What needs to be done → Reproduce all the lines below exactly and omit the images.
━━━ Input data
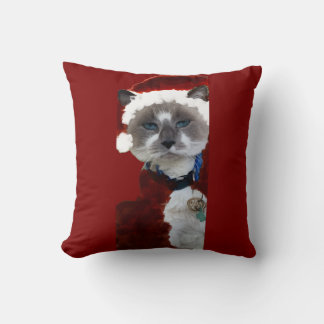 Cat Christmas Santa Maureen Girard Blue Eyes Kissen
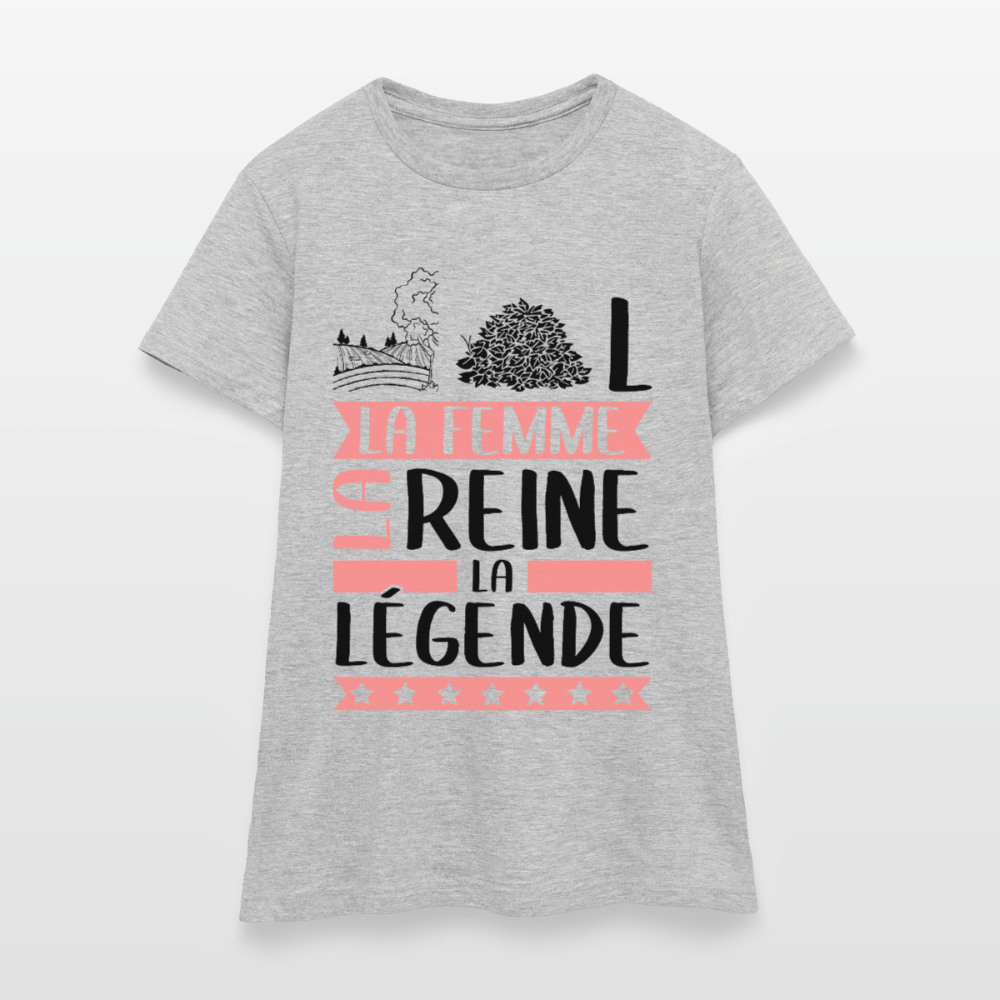 T-shirt femme coloris clair Chantal en rébus – La femme, la reine, la légende - gris chiné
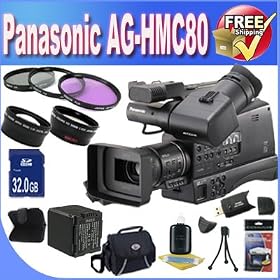 Panasonic AG-HMC80 3MOS AVCCAM HD Shoulder-Mount Camcorder + Extended Life Battery + 32GB SDHC Class 10 Memory Card + USB Card Reader + Memory Card Wallet + Shock Proof Deluxe Case + 3 Piece Professional 43mm Filter Kit + Super Wide Angle Lens + 2x Telephoto Lens + Accessory Saver Bundle!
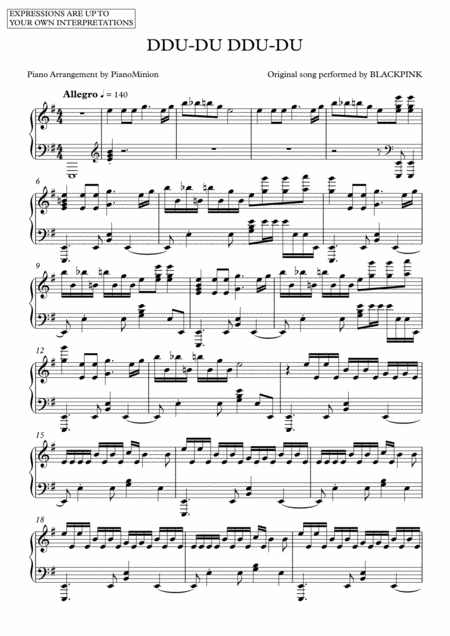 Blackpink Ddu Du Ddu Du Pianocover By Pianominion Sheet Music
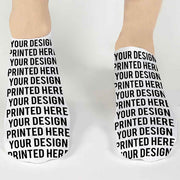 Create your own fully printed on white cotton no show socks.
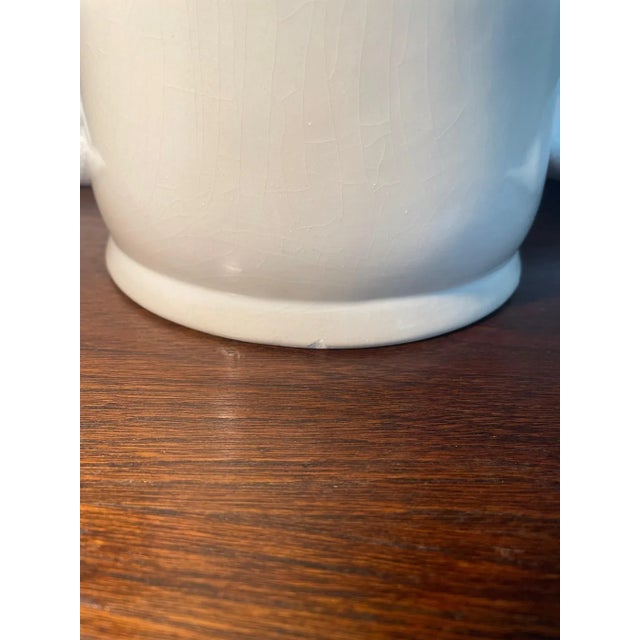 1980s Tall Ceramic Floral Floor Vase or Umbrella Stand For Sale - Image 10 of 13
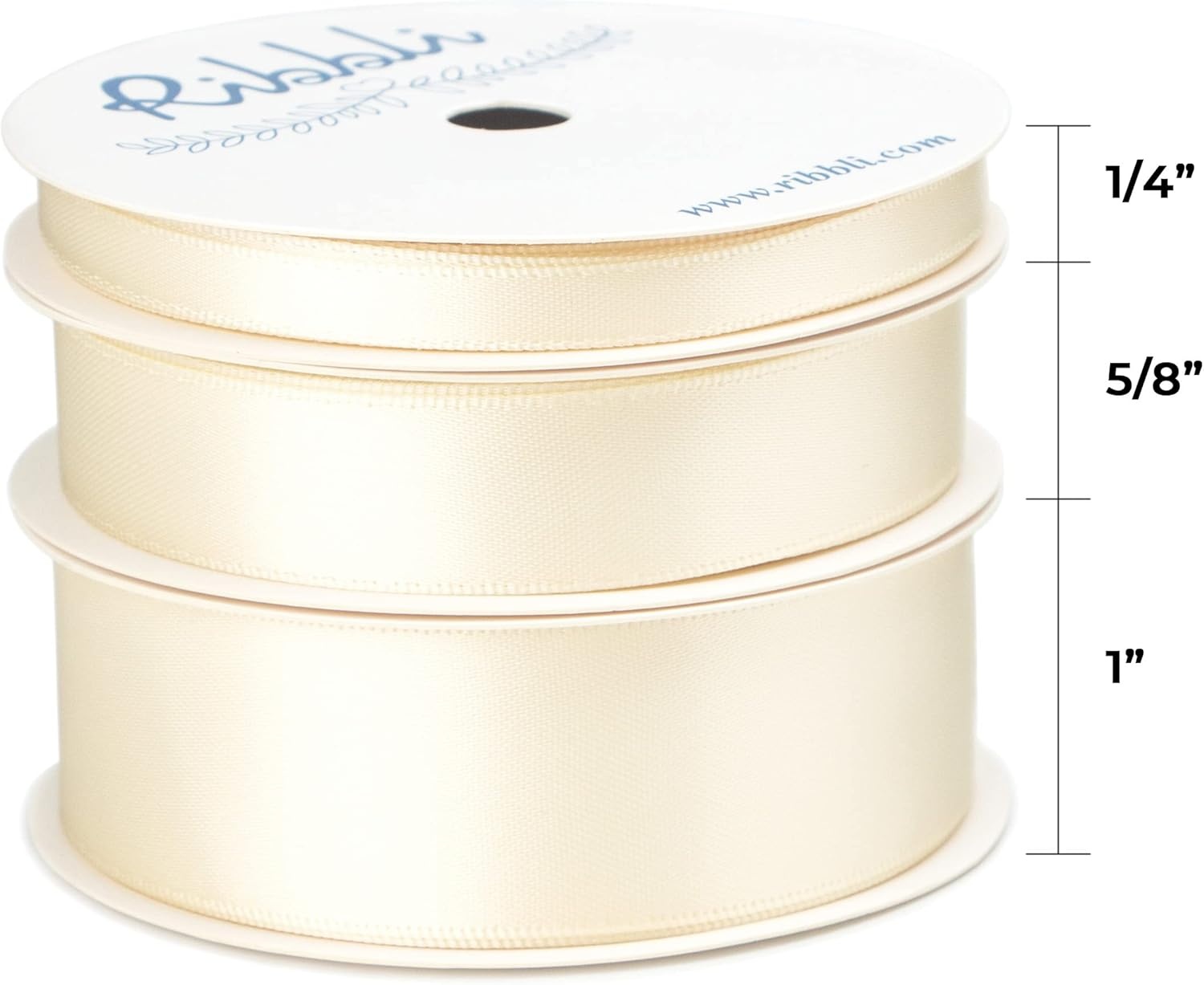 Ribbli 3 Rolls Double Faced Satin Red Craft Ribbon,Total 30 Yards,(1/4 Inch x 10-Yard,5/8 Inch x 10-Yard,1 Inch x 10-Yard),Use for Bows Bouquet,Wreath,Gift Wrapping,Christmas Decoration(Ivory)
━━━━━━
Solution for this exercise →
 Cat Christmas Santa Maureen Girard Blue Eyes Kissen
 T-shirt femme coloris clair Chantal en rébus – La femme, la reine, la légende - gris chiné
 Panasonic AG-HMC80 3MOS AVCCAM HD Shoulder-Mount Camcorder + Extended Life Battery + 32GB SDHC Class 10 Memory Card + USB Card Reader + Memory Card Wallet + Shock Proof Deluxe Case + 3 Piece Professional 43mm Filter Kit + Super Wide Angle Lens + 2x Telephoto Lens + Accessory Saver Bundle!
 Blackpink Ddu Du Ddu Du Pianocover By Pianominion Sheet Music
 Create your own fully printed on white cotton no show socks.
 1980s Tall Ceramic Floral Floor Vase or Umbrella Stand For Sale - Image 10 of 13
 Ribbli 3 Rolls Double Faced Satin Red Craft Ribbon,Total 30 Yards,(1/4 Inch x 10-Yard,5/8 Inch x 10-Yard,1 Inch x 10-Yard),Use for Bows Bouquet,Wreath,Gift Wrapping,Christmas Decoration(Ivory)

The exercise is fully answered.